If for some reason you needed to access port 2200 on a different device you have two options, change the port number on one of the devices/servers such that you dont duplicate 2200 OR use port translation. In other words you come at the router, externally, with a different port as follows.
In this way the router will be able to track an external WANIP request coming in on port 22000, is supposed to go to IP 192.168.1.1 on port 2200.
The router should then be able to route the return traffic properly.
This looked so promising (and seemed to make sense.
However, adding the “out-interface-list=WAN” via WebFig I get the error:
“Couldn’t change NAT Rule <> - outgoing interface matching not possible in input and prerouting chains (6)”
Also (curious, does anyone know) what is the logic in naming “Out. Interface” and “Out. Interface List” so similarly ? The first shows physical ports, bridges, etc., the second shows stuff which seems to be a conceptual step “up” (LAN, WAN, etc.)
I am visiting my Mom again and decided to take another stab at this while my kids are playing with grandma!
I re-read the comment by @solar77 and realized that @gnro 's advice was likely a minor typo and should have read “in-interface-list=WAN”
I updated my configuration thusly and I now have bidirectional access of machines on these ports.
Thanks to all who helped.
This solved my immediate “pain” . . . my next step will be to consider using a single bridge and VLANs and other best practices described in this thread!
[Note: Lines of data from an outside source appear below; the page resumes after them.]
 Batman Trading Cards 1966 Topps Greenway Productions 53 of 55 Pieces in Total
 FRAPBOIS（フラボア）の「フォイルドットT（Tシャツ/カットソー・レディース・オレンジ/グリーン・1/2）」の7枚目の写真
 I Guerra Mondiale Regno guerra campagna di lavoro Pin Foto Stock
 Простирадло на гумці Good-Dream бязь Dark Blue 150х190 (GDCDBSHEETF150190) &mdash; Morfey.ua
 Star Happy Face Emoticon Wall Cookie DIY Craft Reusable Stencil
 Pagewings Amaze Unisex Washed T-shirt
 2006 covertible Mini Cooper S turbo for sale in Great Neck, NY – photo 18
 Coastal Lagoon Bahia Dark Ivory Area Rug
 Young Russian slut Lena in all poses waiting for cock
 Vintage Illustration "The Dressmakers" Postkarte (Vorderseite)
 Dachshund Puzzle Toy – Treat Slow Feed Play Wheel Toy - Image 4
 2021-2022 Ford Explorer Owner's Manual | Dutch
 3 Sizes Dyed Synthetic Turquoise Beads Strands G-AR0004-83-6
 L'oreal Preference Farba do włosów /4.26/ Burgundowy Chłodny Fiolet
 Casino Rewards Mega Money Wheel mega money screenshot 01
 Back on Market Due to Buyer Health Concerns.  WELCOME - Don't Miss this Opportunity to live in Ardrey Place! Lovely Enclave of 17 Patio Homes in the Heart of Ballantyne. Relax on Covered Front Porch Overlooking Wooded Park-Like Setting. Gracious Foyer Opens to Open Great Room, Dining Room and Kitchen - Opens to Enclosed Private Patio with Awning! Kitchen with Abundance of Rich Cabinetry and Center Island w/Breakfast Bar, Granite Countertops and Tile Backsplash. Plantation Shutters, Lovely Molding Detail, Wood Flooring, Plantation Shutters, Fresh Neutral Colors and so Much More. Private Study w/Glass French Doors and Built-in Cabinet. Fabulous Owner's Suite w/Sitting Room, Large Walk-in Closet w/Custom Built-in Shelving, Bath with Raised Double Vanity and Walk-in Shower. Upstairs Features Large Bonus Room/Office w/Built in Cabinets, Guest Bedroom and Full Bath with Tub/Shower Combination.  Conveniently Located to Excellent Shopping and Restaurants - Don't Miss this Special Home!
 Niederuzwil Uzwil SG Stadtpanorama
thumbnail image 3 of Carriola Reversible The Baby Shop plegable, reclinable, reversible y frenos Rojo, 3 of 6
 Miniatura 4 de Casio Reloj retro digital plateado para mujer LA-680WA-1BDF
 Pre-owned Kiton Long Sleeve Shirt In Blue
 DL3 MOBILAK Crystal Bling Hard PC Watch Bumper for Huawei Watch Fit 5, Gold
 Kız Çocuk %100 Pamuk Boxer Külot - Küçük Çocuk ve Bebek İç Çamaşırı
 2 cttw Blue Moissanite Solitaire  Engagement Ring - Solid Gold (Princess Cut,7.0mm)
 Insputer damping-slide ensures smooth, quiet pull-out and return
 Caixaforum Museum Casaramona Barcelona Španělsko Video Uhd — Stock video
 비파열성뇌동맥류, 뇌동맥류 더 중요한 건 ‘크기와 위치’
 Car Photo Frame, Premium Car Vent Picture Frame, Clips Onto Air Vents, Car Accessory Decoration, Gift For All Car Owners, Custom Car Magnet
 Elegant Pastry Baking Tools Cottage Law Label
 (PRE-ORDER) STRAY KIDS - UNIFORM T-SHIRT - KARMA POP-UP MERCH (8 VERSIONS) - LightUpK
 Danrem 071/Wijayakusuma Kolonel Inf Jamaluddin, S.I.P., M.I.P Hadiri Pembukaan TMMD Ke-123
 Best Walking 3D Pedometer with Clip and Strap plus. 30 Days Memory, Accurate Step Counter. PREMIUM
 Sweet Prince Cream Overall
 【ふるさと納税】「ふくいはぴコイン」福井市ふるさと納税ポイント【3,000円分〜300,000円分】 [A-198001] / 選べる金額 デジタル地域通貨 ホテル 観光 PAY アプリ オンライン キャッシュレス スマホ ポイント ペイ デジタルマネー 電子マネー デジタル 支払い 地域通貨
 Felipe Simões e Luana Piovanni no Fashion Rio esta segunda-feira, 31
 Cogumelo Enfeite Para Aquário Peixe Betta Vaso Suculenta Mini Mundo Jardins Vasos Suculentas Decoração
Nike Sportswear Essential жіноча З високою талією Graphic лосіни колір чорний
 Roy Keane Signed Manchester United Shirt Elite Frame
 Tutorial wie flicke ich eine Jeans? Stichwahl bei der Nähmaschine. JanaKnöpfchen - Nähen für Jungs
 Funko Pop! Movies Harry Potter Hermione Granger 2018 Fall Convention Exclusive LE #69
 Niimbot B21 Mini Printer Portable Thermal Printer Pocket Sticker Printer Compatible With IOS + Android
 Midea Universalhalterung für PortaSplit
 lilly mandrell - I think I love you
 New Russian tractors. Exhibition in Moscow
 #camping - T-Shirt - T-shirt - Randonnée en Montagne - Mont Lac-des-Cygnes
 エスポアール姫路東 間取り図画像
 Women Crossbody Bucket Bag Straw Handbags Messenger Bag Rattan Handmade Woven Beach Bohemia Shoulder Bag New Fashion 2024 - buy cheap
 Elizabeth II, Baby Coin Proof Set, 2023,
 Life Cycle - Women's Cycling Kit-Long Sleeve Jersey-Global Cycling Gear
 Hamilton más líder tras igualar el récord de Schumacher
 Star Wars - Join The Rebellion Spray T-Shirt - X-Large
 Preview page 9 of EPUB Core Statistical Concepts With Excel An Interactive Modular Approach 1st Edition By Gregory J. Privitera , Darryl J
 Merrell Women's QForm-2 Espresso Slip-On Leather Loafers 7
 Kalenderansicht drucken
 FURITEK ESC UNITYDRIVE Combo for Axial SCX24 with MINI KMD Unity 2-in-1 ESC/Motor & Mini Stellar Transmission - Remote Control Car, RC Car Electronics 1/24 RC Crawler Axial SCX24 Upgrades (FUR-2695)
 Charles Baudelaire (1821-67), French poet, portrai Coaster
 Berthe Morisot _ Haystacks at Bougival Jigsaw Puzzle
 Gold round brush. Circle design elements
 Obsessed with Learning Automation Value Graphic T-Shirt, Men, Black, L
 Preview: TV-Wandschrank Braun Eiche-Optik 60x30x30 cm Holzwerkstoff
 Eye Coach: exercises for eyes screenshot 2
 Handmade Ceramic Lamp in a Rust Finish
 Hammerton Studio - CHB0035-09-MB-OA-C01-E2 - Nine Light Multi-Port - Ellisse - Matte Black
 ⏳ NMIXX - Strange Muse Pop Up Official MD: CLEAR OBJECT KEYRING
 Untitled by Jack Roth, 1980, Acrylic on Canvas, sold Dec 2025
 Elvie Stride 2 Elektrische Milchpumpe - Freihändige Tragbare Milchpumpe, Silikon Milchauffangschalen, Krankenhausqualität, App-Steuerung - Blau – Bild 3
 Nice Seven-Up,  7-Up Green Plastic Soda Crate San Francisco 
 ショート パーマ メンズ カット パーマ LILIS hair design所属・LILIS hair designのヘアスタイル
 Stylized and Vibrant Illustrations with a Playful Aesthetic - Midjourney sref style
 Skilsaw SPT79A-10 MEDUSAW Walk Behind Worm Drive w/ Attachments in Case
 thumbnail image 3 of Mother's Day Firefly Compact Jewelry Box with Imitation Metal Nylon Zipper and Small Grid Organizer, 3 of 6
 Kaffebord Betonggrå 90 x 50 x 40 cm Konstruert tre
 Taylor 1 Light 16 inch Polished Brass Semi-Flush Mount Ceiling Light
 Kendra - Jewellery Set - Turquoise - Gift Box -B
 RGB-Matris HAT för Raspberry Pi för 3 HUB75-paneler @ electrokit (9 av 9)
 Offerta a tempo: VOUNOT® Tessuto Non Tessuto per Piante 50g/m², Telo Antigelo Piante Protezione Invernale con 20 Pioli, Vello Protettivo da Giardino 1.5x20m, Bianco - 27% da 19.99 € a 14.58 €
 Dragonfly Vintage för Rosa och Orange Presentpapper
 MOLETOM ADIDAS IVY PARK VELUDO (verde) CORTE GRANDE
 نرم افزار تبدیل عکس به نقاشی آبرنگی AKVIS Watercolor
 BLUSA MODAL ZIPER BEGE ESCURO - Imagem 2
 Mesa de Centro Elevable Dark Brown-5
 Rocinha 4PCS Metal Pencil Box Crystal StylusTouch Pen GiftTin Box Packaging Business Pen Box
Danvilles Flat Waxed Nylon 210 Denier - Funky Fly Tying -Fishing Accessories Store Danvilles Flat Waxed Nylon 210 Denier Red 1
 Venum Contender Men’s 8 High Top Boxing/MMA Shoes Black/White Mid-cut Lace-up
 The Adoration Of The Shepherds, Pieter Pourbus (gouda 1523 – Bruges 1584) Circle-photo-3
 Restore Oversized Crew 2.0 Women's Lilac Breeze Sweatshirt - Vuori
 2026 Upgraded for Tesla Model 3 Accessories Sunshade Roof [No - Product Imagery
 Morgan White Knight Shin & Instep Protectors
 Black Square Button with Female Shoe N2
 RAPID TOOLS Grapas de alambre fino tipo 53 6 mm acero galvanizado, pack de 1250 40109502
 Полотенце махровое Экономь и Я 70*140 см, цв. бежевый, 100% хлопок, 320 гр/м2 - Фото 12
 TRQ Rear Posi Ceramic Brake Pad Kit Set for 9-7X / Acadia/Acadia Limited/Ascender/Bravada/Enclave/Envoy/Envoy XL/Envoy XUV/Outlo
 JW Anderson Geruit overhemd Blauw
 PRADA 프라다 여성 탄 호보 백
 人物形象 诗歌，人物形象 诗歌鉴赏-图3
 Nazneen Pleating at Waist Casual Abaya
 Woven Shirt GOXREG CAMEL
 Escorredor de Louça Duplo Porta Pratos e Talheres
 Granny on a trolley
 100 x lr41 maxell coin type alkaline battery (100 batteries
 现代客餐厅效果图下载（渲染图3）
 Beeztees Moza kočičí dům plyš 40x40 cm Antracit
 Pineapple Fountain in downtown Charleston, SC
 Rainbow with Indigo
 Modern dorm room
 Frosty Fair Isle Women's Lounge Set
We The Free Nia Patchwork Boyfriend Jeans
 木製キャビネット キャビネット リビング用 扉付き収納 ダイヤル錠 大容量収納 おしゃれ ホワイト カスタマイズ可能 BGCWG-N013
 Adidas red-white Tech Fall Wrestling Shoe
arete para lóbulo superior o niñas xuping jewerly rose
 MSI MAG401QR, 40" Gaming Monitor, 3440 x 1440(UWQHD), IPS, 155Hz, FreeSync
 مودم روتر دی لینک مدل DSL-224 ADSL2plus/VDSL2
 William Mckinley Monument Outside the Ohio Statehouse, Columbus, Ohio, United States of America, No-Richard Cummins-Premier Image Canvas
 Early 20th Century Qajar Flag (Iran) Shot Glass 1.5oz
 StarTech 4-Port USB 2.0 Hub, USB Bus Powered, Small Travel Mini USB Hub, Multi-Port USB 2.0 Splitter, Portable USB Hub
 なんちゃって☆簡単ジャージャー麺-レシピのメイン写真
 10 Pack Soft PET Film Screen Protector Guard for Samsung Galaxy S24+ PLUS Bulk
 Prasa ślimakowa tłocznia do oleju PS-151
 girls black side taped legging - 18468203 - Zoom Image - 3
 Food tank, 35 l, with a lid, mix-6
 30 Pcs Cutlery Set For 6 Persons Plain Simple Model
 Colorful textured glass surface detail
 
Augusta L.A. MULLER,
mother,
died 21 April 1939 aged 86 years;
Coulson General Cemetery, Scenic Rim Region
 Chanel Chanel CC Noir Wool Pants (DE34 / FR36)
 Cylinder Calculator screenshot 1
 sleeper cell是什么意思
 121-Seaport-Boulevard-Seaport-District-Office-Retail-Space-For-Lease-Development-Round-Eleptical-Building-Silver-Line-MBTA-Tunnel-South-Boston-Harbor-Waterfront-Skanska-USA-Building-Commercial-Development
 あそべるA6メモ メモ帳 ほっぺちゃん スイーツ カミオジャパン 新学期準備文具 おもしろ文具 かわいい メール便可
Looks like I have a lot of reading ahead!
I am starting to read about (your suggestions regarding) using a single bridge and VLANs. It seems a bit counterintuitive to me at first, but the “Router-Switch-AP (all in one)” post seems exactly on point with a very common usage case for me and my clients.
Curious: although it’s probably moot with the relatively small amounts of data we push, wouldn’t separating out guest users with multiple bridges (which occur at the hardware level) be faster than segmenting with VLANs (which occur at the software level, right?) ?
Question above me, in that I have always thought bridges were software driven entities not hardware.
I like to keep it simple, one bridge is enough, just like one woman is enough!!